Fin mai, la demande de participation des éleveurs laitiers aux états généraux de l’alimentation s’était déjà soldée par une réponse négative du gouvernement. Rencontres avec des élus, coups de téléphones, courrier au cabinet du ministère n’avaient pas suffi à convaincre le gouvernement que la présence des éleveurs laitiers, notamment regroupés en AOP, serait essentielle pour contribuer à l’amélioration de la filière laitière, en crise depuis bientôt trois ans.
Début août, une deuxième opportunité semble s’ouvrir aux producteurs avec l’annonce du lancement d’ateliers thématiques destinés à travailler sur la création et la répartition de la valeur. Seulement voilà, les éleveurs sont une seconde fois relégués sur le banc de touche. Pas une seule structure représentative des producteurs de lait n’est invitée à présider voire même à co-présider l’un de ces ateliers.
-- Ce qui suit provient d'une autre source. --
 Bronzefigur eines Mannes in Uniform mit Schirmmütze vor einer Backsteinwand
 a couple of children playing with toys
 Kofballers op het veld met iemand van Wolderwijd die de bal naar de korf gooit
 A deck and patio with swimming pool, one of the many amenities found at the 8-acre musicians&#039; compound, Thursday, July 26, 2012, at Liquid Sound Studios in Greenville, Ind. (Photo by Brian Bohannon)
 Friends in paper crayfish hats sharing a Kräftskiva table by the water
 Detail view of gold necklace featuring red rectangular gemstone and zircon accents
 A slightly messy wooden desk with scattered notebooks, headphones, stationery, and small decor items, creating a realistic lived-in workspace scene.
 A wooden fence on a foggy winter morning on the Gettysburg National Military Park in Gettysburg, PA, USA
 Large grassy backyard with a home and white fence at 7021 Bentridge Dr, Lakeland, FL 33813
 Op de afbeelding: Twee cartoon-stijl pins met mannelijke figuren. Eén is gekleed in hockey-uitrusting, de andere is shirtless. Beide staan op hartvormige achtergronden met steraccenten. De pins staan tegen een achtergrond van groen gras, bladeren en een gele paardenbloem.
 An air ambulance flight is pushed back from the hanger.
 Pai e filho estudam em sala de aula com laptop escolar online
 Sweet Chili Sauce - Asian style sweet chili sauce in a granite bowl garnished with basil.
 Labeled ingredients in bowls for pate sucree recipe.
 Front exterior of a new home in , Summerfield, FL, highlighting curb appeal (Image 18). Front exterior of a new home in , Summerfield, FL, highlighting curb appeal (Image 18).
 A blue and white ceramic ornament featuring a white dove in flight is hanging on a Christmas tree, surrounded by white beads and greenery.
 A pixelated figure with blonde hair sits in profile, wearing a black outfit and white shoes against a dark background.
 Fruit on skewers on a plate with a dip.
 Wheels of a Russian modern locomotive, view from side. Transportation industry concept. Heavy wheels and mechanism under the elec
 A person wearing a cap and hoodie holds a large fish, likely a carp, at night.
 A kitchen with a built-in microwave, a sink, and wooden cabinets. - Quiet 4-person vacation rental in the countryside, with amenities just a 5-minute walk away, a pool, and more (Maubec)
Main mise des politiques, des industriels et des distributeurs
Pourtant, parmi les quatorze ateliers organisés, plusieurs concernent directement l’avenir des éleveurs laitiers. L’atelier 5, destiné à “rendre les prix d’achat des produits agricoles plus rémunérateurs pour les agriculteurs” sera coprésidé une multinationale de l’agroalimentaire (François Eyraud, Directeur général de Produits frais Danone) et de la distribution (Serge Papin, Président directeur général de Système U). L’atelier, visant à “améliorer les relations commerciales et contractuelles entre les producteurs, les transformateurs et les distributeurs”, aura pour Président un ancien membre du Conseil constitutionnel (Guy Canivet). La question essentielle de la rémunération des agriculteurs se voit ainsi confiée à ceux qui se renvoient la balle quant à leur responsabilité dans l’appauvrissement du maillon de la production laitière. D’un côté les distributeurs[1] se disent prêts à assurer une hausse de leurs produits en rayon s’ils sont assurés qu’elle sera répercutée sur les producteurs. De l’autre, les transformateurs[2] se disent prêts à augmenter les prix payés aux producteurs s’ils sont assurés de pouvoir les répercuter à la distribution. En confiant l’atelier sur la rémunération des producteurs aux représentants de l’industrie laitière et de la distribution, le ministère de l’agriculture semble cautionner le fait que les éleveurs continuent d’être la variable d’ajustement des autres acteurs de la filière laitière.
Présence indispensable des éleveurs laitiers
Fait étonnant, la loi de modernisation de l’économie (LME) et plus récemment la loi Sapin II a incité les producteurs à se regrouper pour organiser la profession et éviter une trop forte « intégration » de la production par son aval. D’une part, les producteurs sont sommés de travailler ensemble à la construction de nouvelles formules de prix pour faire évoluer les relations contractuelles avec les transformateurs privés. D’autre part, on évince les producteurs des discussions autour de la création et à la répartition de la valeur. Où est la cohérence ?
La présence des éleveurs laitiers aux ateliers mentionnés est indispensable. L’évolution des relations contractuelles entre producteurs, transformateurs et distributeurs ne peut se faire sans l’un de ces acteurs.
Avec la proclamation des EGA, un vent de renouveau a soufflé sur la filière. Espérons que la conclusion de ces états généraux de l’alimentation ne soit pas la confirmation d’un blanc saint donné à l’industrie agro-alimentaire et à la grande distribution.